Draft of 2020 Tax Bill, DAC 6, IFRIC 23… Favouring bold and judicious tax governance while respecting a safe approach in compliance with regulations is more than ever a contortionist’s act.

This is all the more true for all structures carrying or developping intellectual property in the form of patents or software protected by copyright.

Indeed, the 2019 Finance Act, after having literally overhauled the previous tax regime in order to bring French tax law into line with the OECD’s Action 5 BEPS programme, invited and even forced players in the world of intellectual property to sometimes even rethink their strategy for locating their intellectual property, to avoid harmful pitfalls.

As a reminder, Action 5 of the BEPS Project, which aims at erasing harmful tax practices, highlighted non-compliant local favorable tax regimes as they did not make the benefit of the patent box regime subject to the location of the R&D expenses at the national level.

As a result, the new legislation has led many French groups holding patents and/or copyrighted software to rethink their existing portfolios. It was necessary to identify existing asset lines, to allocate R&D expenditure in order to allocate them, but also to take into account the impacts of the research tax credit… all this in order to make appropriate trade-offs allowing prudent, compliant and strategic tax management.

But arbitration is not only for the past… it is also part of a more prospective dimension. Thus, groups wishing to carry out external growth actions will have to make upstream trade-offs that integrate the tax implications of the new Nexus approach into regulatory considerations.

Tax evasion at stake

The answer to the question: “Do I have an interest in acquiring a structure as a whole or only some of its asset lines or isolated assets” will not be exclusively conditioned by tax concerns.
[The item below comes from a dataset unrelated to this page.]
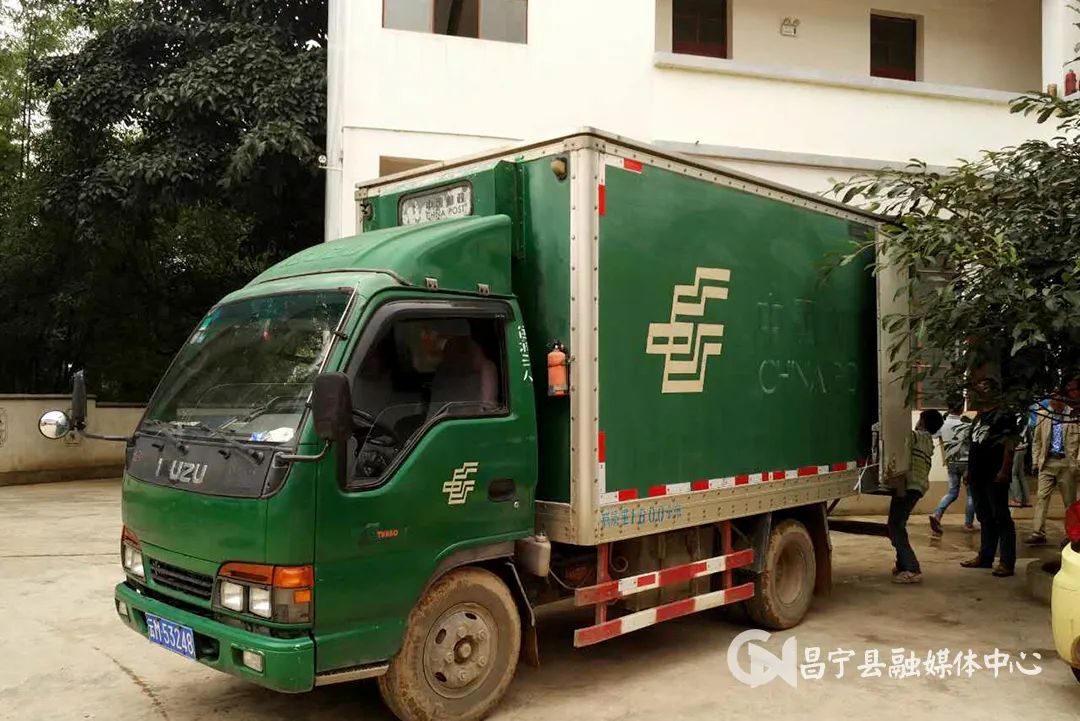 新时代新征程加快构建新发展格局,新时代新征程新成就云南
It will also have to integrate the new measures that the French tax authorities have recently deployed to erase tax evasion, such as:

  • The tax compliance declaration of companies which provides a strong incentive for companies that are spontaneously request compliance of their tax situation with significant reductions in penalties (Instruction dated January 28, 2019);
  • The European Directive “DAC 6” dated May 25, 2018, which has just been transposed into national law by Order 2019-1068 dated October 21, 2019 obliging tax advisors – in the broad sense – to discolse any optimisation schemes to the tax authorities;
  • The new IFRIC 23 standard, which imposes new rules on the recognition and measurement of assets and liabilities “affected” by tax uncertainties in groups that publish IFRS financial statements.

 

This is not to mention the new measures under consideration in the context of the draft finance law for 2020, such as the one provided for in Article 13 of the FDP 2020 concerning the transposition into French law of the anti-hybrid rules provided for in the ATAD 2016/1164 and 2017/952 directives known as ATAD 1 and ATAD 2. These new rules aim at fighting asymmetry effects within the European Union or with third countries in the event that a party concerned is subject to Corporate Tax in France as well as to “imported” asymmetry effects (an asymmetry effect imported into France corresponds to the situation where the payment of a non-hybrid instrument is deducted in France to finance charges under a hybrid scheme between related companies or a structured scheme outside France).

It will also be necessary to integrate the penal tax system, in particular with the end of the Bercy lock, which will impose on all groups the omnipresent spectre of a criminal threat….

A strategic support

In short, the company that already owns intangible assets and wishes to complete its assets or wishes to acquire intellectual property will have to deal with all these parameters and make arbitrations that will overlap and cancel each other, contradict each other… This situation is clearly likely to complicate external growth operations because of the constraints they will impose on upstream acquiring groups (negotiation of GAP for exorbitant amounts, evaluation of the toxicity of certain assets or asset lines on the Nexus approach, choice of an optimal Nexus ratio in relation to the financial impact of the research tax credit or vice versa, etc.)).

This balancing act will require concerted action within the company itself – close dialogue between the various departments affected (IP, tax and legal) will be more necessary than ever – AND strategic support for the company by its lawyers.